HB 1687-S2.E - DIGEST

 

                      (DIGEST AS ENACTED)

 

     Revises fee provisions relating to employers.

     Establishes procedures when the federal government is named as a garnishee defendant.

 

 

VETO MESSAGE ON HB 1687-S2

                   May 9, 1997

To the Honorable Speaker and Members,

  The House of Representatives of the State of Washington

Ladies and Gentlemen:

     I am returning herewith, without my approval as to section 11, 12, 14, 17 and 18, Engrossed Second Substitute House Bill No. 1687 entitled:

"AN ACT Relating to wage garnishment;"

     This legislation makes several positive changes to the law governing garnishment of wages.  Among other improvements, it increases the handling fee that employers may deduct from wages, and provides employers with a second notice before they are subject to penalties for errors they may have made in compliance with garnishment orders.

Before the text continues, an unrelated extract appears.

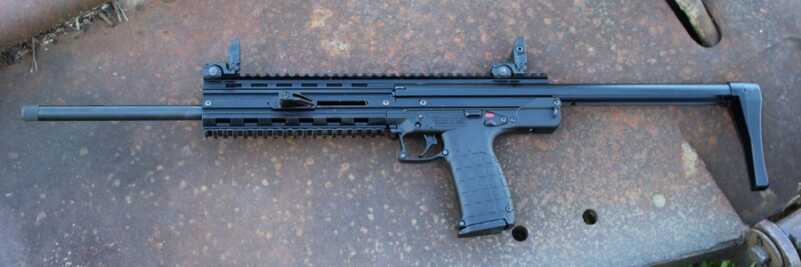 The CMR-30, extended, is still a svelte gun. 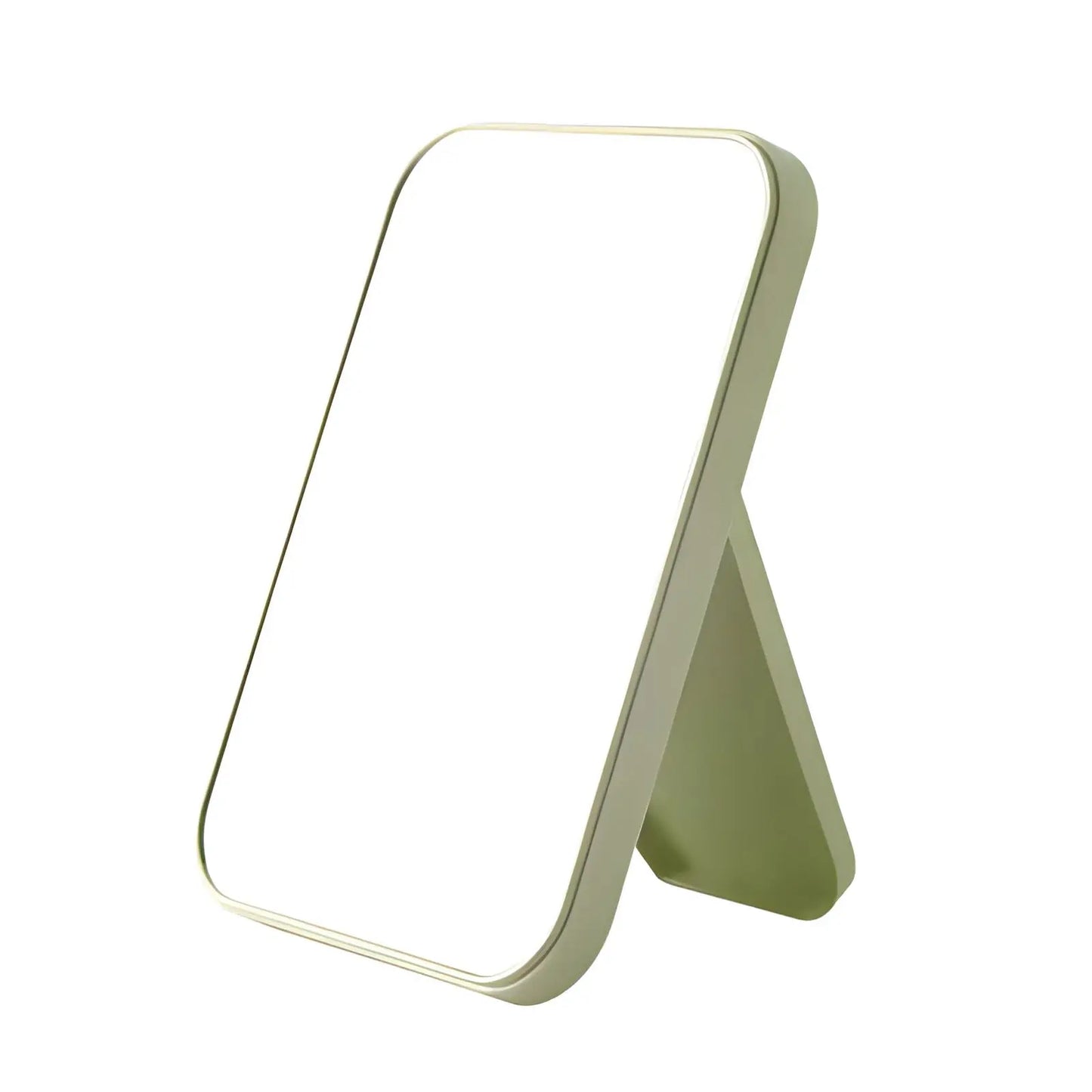 Miroir de Poche | Rectangulaire - Miroir émoi - Miroir de Poche à Pied Vert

     I agree with recognizing the important role employers play as partners in the collection of support owed to custodial parents.  Where it can be made easier for employers to collect money owed to custodial parents, without harming the interests of families, we should do so.  It is for this reason that I am in support of much of this bill.

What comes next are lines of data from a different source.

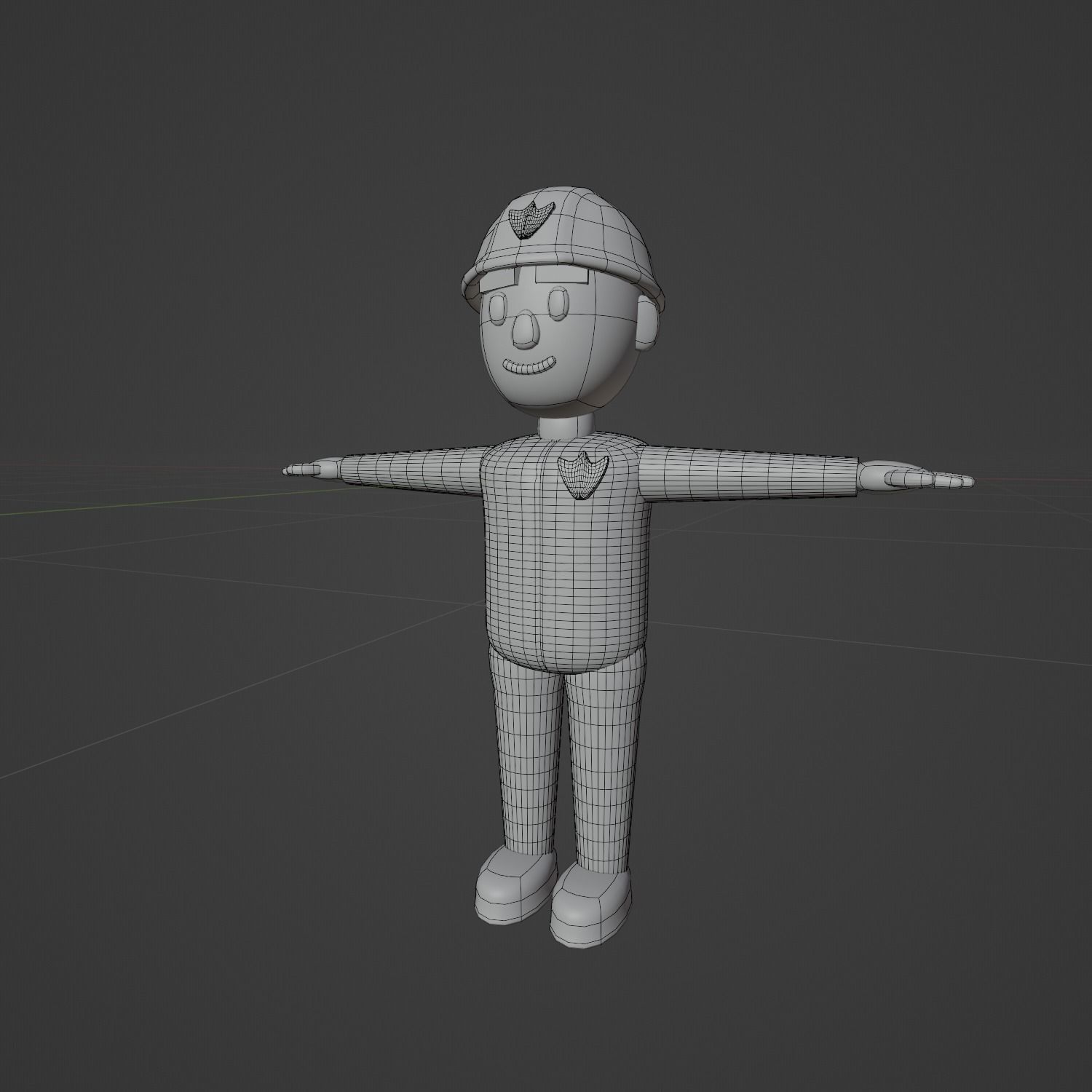 Cartoon character collection Low-poly 3D model_8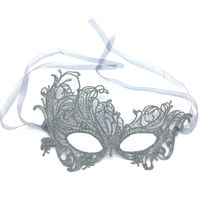 iMapo Masquerade Mask, Mardi Gras Masks for Women Lady Girls, Halloween Christmas Cosplay Venetian Party Prom Ball Lace Eye Masks - Silver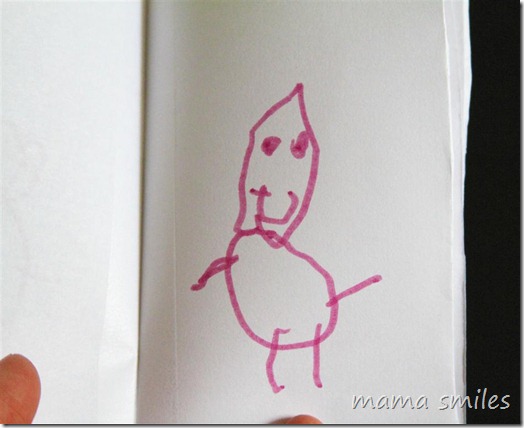 two year old drawing of a baby 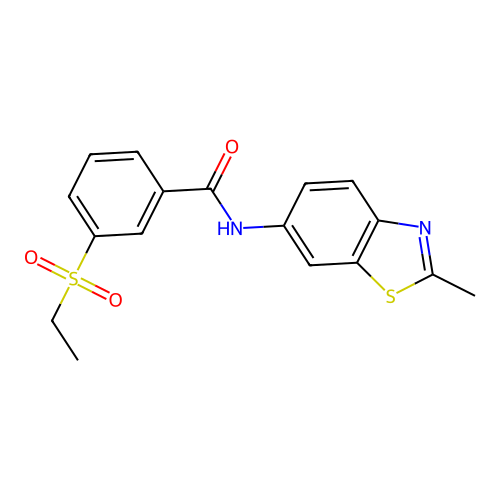 3-(ethylsulfonyl)-N-(2-methylbenzo[d]thiazol-6-yl)benzamide structure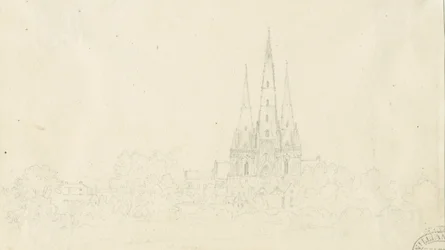 Lichfield Cathedral - East View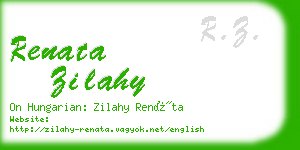 renata zilahy business card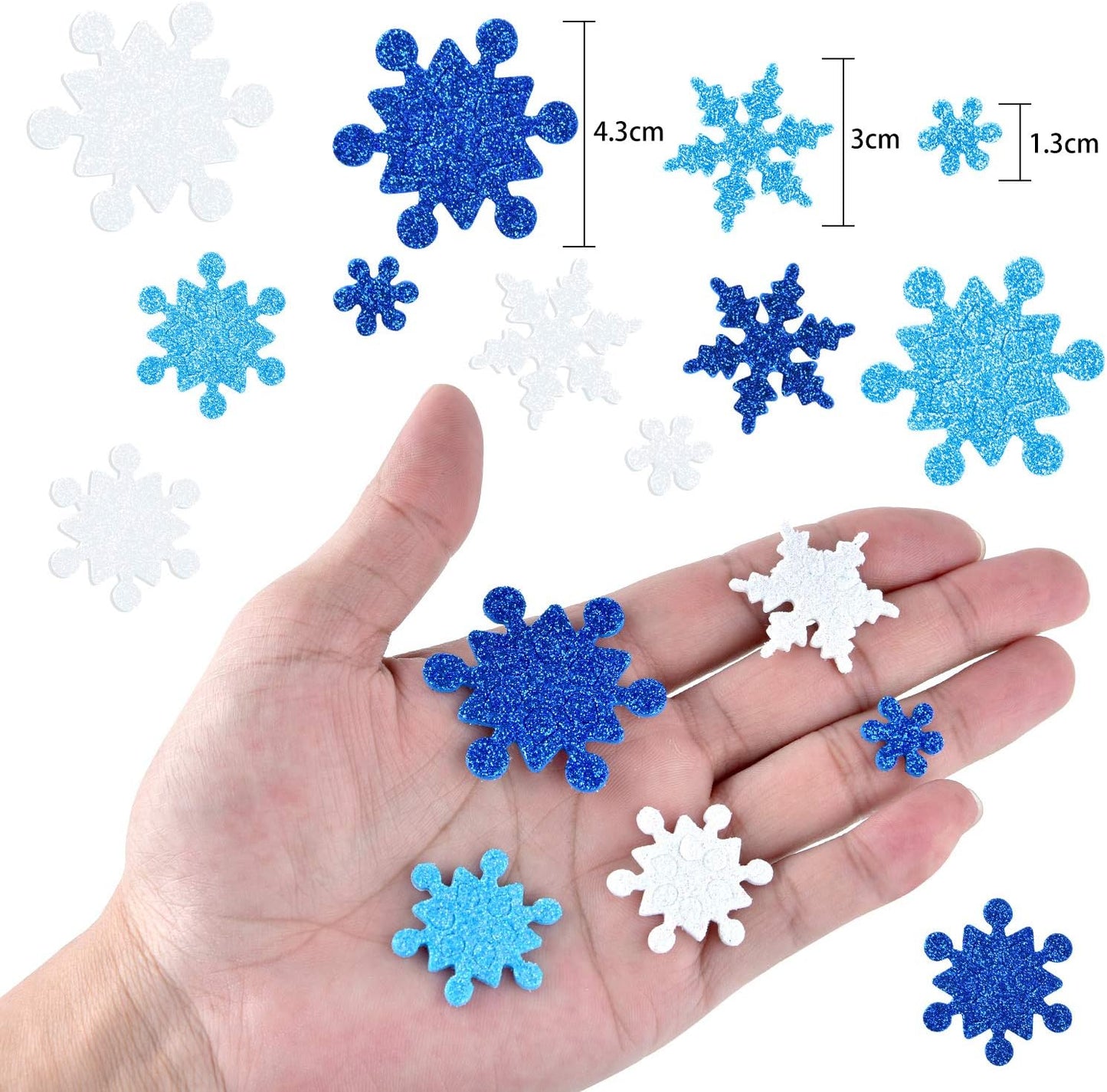 Self-Adhesive Snowflake Foam Stickers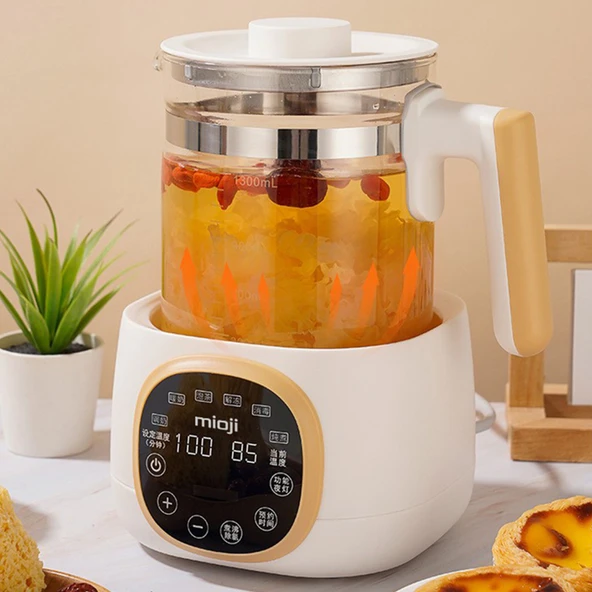 Mioji Mio K99 Çok Fonksiyonlu 600 W 1.3 lt Cam Kettle - 7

     Sections 11 and 12 would eliminate the requirement that an employer keep a record of the child support order for one year after the obligor leaves employment.  They would allow the employer to dispose of the garnishment record as soon as the obligee leaves employment and final wages are paid.  Where there is seasonal employment or other interruptions in employment, the obligor would be required to continually repeat the garnishment procedure, and that could needlessly deprive the custodial parent of support or even to bring about the need for public assistance.  I have vetoed these sections, as well as Section 14 which describes the order to withhold, because of the risk to the well-being of families that this change would create.

     Section 11 also contains clause that appears to have been designed to limit the liability of employers who fails to withhold earnings as required by a wage assignment order.  As drafted that clause may be ineffective, and could have the unintended consequence of causing overpayment by employers.

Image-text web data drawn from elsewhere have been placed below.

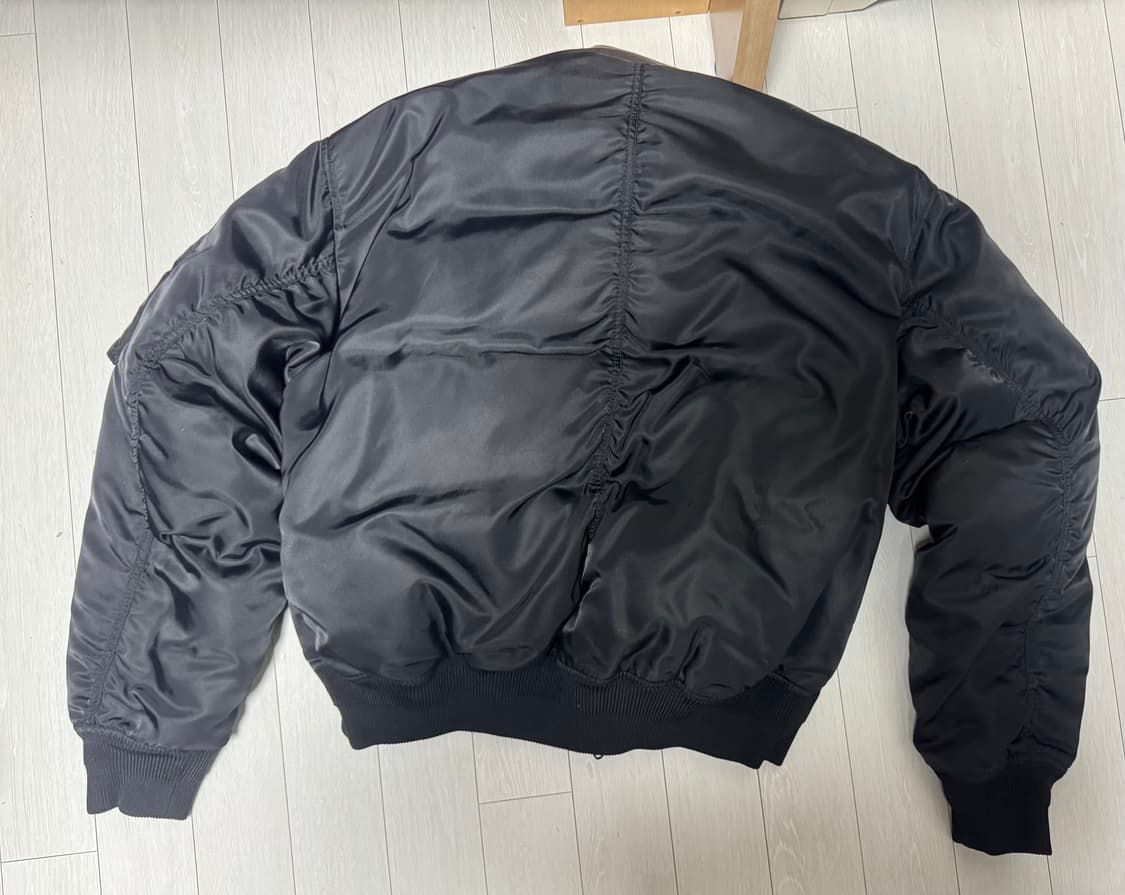 쿠어 스탠드 카라 넥 다운 푸퍼 L 상품이미지3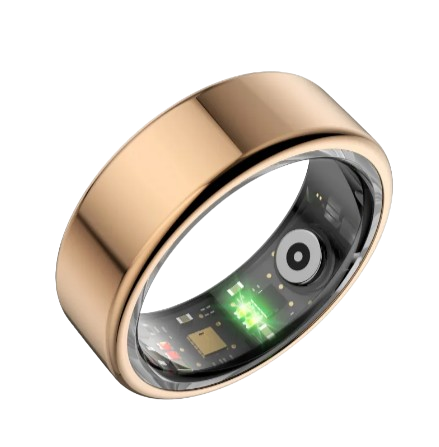 Anillo Inteligente SomniaRing sobre mesita de noche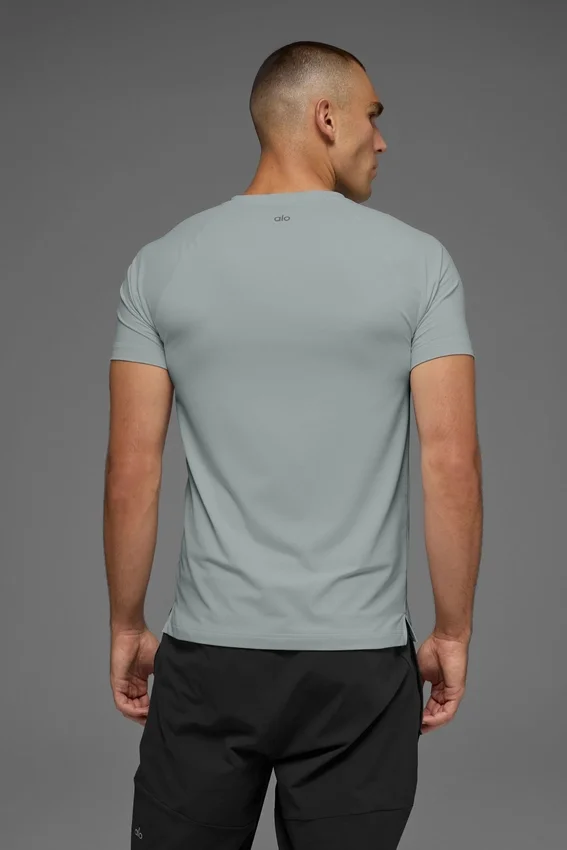 Maglia a maniche corte con collo rotondo Idol - Grigio lunare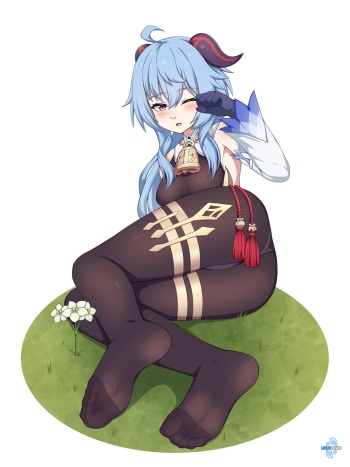 lululewd Sleepy Ganyu cover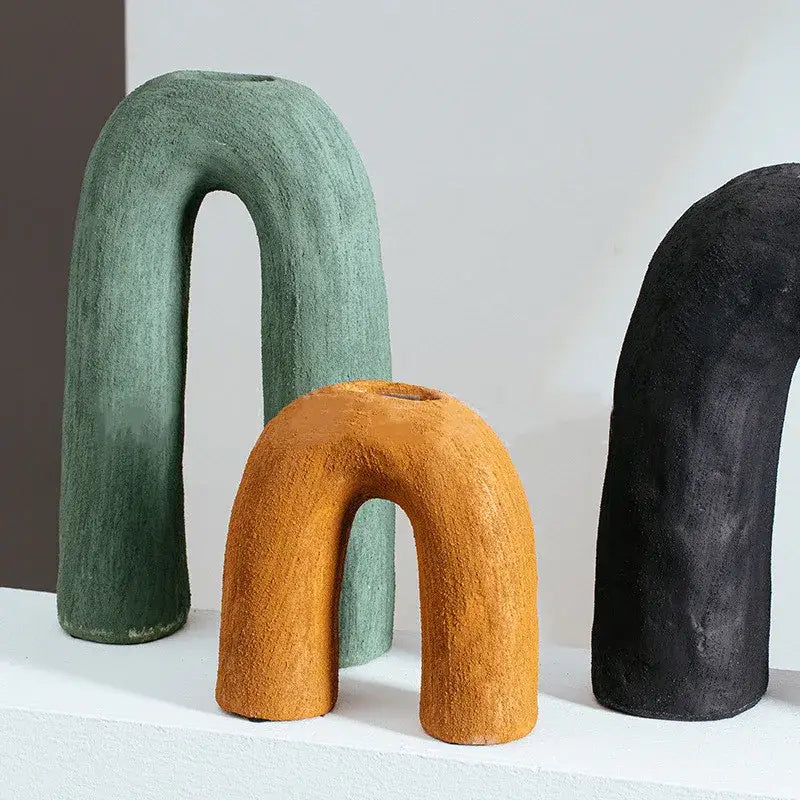 Arc Ceramic Vase Set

     Section 17 would create a work group to establish a standardized form for garnishment orders.  There is already such a requirement imposed upon the state in federal law and it would be pointless to have a group produce a document that the state would be unable to use.

     Section 18 would create a joint task force to study the reorganization of employment reporting requirements so that the office of support enforcement would receive employment information from the employment security department, rather than from private employers.  With the new federal welfare reform, it is essential that the state receive the appropriate employment data at a particular time.  Data from the employment security data would not satisfy the need.  There is no need for this study.

     I do agree that a number of the problems highlighted by this bill would benefit from the task force approach that Section 18 calls for.  I will encourage the secretary of the Department of Social and Health Services to call together a group from within and outside of that agency to examine possible improvements in the partnership between employers, DSHS and relevant state agencies.

     For these reasons I have vetoed sections 11, 12, 14, 17 and 18 of Engrossed Second Substitute House Bill 1687.

     With the exception of sections 11, 12, 14, 17 and 18, Engrossed Second Substitute House Bill 1687 is approved.